Attorney Andrew Cohen analyzes legal issues for CBS News and CBSNews.com.



It's hard to remember what life was like before Sept. 11, 2001; hard to reach back to a time and a mindset that are gone and can never return. There were no color-coded terror alerts back then. No Department of Homeland Security. No grand constitutional struggle between freedom and security. And the thought that foreign terrorists would take over our planes, use them as missiles, and thereby kill thousands was, as one journalist noted at the time, simply beyond our conscience's grasp.

Zacarias Moussaoui's attorneys Monday afternoon asked his sentencing jurors to go back to that naïve and carefree time so that they could put into proper context and perspective the government's speculation that an honest Moussaoui, arrested on immigration charges in August 2001, would have and could have given the feds all the clues they would have needed to thwart the attacks. It is no easy thing to ask people to forget their searing experiences of that day, or of the four-and-a-half years in-between, yet only if they make that mental leap will Moussaoui have a decent chance to escape this trial without a death sentence.

The feds say that had Moussaoui told the truth when asked — had he divulged his al Qaeda ties and the purpose of his aborted flight training — the government would have been able to track down at least 11 of the 19 hijackers, including all four of the pilot hijackers who struck on 9/11. To satisfy their burden of establishing that Moussaoui's conduct "directly resulted" in at least one 9/11 death, prosecutors want jurors looking at the evidence from a post-9/11 perch, where government agents (we hope) zealously pursue terror leads and arrest first and ask questions later. This is nonsense, say Moussaoui's attorneys, because it completely ignores the complacent reality we lived in before the Twin Towers fell.

"What the government wants you to believe is a dream," defense attorney Edward MacMahon told jurors in federal court in Alexandria, Virginia. "We all wish it would come true." And he's right. We all would like to go back in time, and have Moussaoui tell the authorities about his plans to crash planes into buildings, and then have the feds believe him and capture the hijackers before they struck. It all seems so simple and easy and for this reason Moussaoui represents the most visible symbol for what might have been. But "what might have been" is not federal evidence, much less proof beyond a reasonable doubt, in a capital sentencing trial.
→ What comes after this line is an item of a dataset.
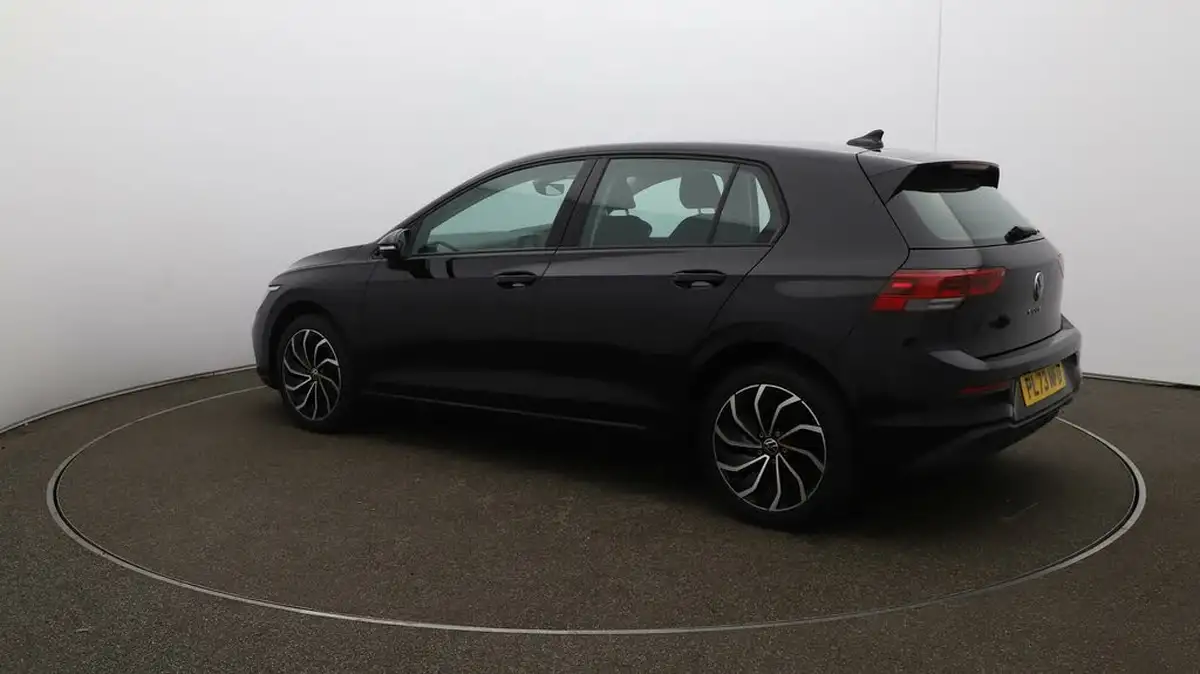 2024-volkswagen-golf-10-tsi-life-hatchback-big-26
So jurors "can't assume" that the government would have acted before 9/11 the way it does now, MacMahon told jurors, making the case against Moussaoui "entirely spectulative." We "will never know, sadly, what would have happened" in those 25 days between Moussaoui's arrest and the terror attacks had Moussaoui leveled with his guards, the lawyer added. And then he turned to tell jurors about what the government did know during those days about terror threats involving planes. "The government is not on trial," MacMahon said, the "government did not cause 9/11… but our government did not act in the manner we wish it would have."

On behalf of a client who openly loathes him, MacMahon told jurors Monday that Moussaoui "didn't harm a soul" and played an "inconsequential role" in the 9/11 plot. No al Qaeda members tried to contact Moussaoui once he was arrested, MacMahon said, and no one even tried to learn what had become of him. Unlike the actual hijackers, the defense attorney noted, Moussaoui came to the United States alone, and much later than the rest, and was "never in the physical presence of a real 9/11 hijacker." He never phoned them before his arrest, and they never phoned him, and there is no evidence that the 9/11 plot needed another pilot anyway. Meanwhile, as the real hijackers were sending money back home to Osama bin Laden, Moussaoui was always pressing for more.

Why should jurors believe that the government would have done anything productive with Moussaoui's candor, MacMahon asked, when "the government didn't even look for the two hijackers who they knew were in the United States?" Over and over again, the defense attorney said, our government failed to follow up on terror leads that were far more significant than anything Moussaoui could have given it. "No event," MacMahon thundered, "including something said by a strange Muslim loner in Minnesota, would have changed" the massive bureaucratic inertia and myopia that existed before the terror attacks.

And even considering Moussaoui's lies, MacMahon added, the "government plainly underestimated the threat" that he posed to security. Think about it, the defense attorney asked jurors, an Arab man with no flight experience shows up paying cash to learn how to fly jets, makes clear his complete lack of knowledge of flying, and then comes across, in the view of his early interrogator, as a bad liar. The feds should have assumed Moussaoui was a terrorist and part of the chorus of "chatter" they already were hearing in crescendo that summer about plans to use planes as weapons?

If prosecutors want jurors looking at this trial from a post-9/11 perch, the defense needs them looking at the case with pre-9/11 eyes. And, if that fails, MacMahon offered jurors the standard, if sappy, alternative in cases like this. At the end of his opening statement, he told jurors that sentencing Moussaoui to death would give him "his wish" to become a martyr for the al Qaeda cause. "Please don't make him a hero," MacMahon said about his client. "He really doesn't deserve it."